### TASK STATEMENT
Extract from the entries below, exactly as given, only the lines from the line containing "patdrea Designer Linen" to the line containing "Radio korbowe solarne", both lines included.

### SUPPLIED MATERIAL

━━━

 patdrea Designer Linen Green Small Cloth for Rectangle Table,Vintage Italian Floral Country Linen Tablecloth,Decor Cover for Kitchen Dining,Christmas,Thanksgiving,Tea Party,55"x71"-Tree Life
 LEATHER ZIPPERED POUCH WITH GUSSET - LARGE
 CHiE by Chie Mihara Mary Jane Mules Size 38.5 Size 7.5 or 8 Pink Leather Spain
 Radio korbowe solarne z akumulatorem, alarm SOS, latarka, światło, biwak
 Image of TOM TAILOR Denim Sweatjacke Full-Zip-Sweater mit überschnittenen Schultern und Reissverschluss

━━━

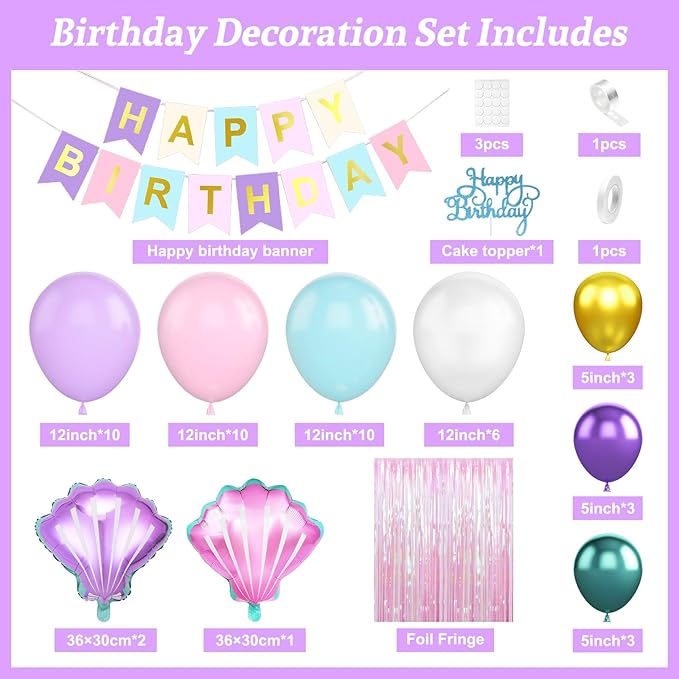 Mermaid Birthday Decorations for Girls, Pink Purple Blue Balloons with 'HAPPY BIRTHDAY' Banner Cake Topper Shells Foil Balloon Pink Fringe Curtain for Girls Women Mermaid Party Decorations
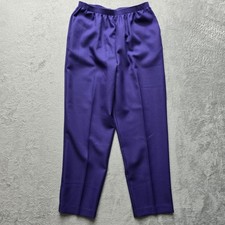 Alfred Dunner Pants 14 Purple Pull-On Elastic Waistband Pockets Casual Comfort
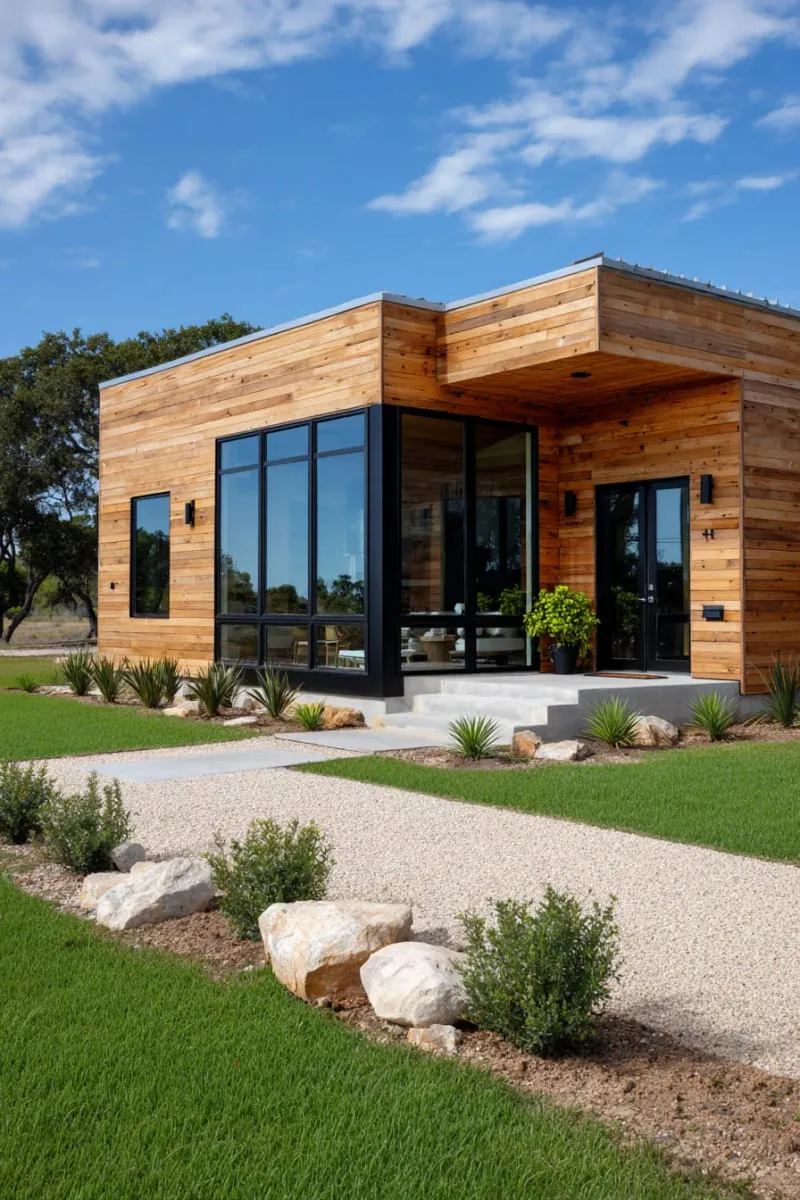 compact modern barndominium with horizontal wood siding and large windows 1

━━━

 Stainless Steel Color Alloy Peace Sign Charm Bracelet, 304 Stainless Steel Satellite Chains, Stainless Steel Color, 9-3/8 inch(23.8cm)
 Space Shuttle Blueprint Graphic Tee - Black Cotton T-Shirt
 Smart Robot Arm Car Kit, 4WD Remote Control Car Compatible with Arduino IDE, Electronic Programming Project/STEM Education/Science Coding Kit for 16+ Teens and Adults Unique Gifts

━━━

### REPLY TO THE TASK
 patdrea Designer Linen Green Small Cloth for Rectangle Table,Vintage Italian Floral Country Linen Tablecloth,Decor Cover for Kitchen Dining,Christmas,Thanksgiving,Tea Party,55"x71"-Tree Life
 LEATHER ZIPPERED POUCH WITH GUSSET - LARGE
 CHiE by Chie Mihara Mary Jane Mules Size 38.5 Size 7.5 or 8 Pink Leather Spain
 Radio korbowe solarne z akumulatorem, alarm SOS, latarka, światło, biwak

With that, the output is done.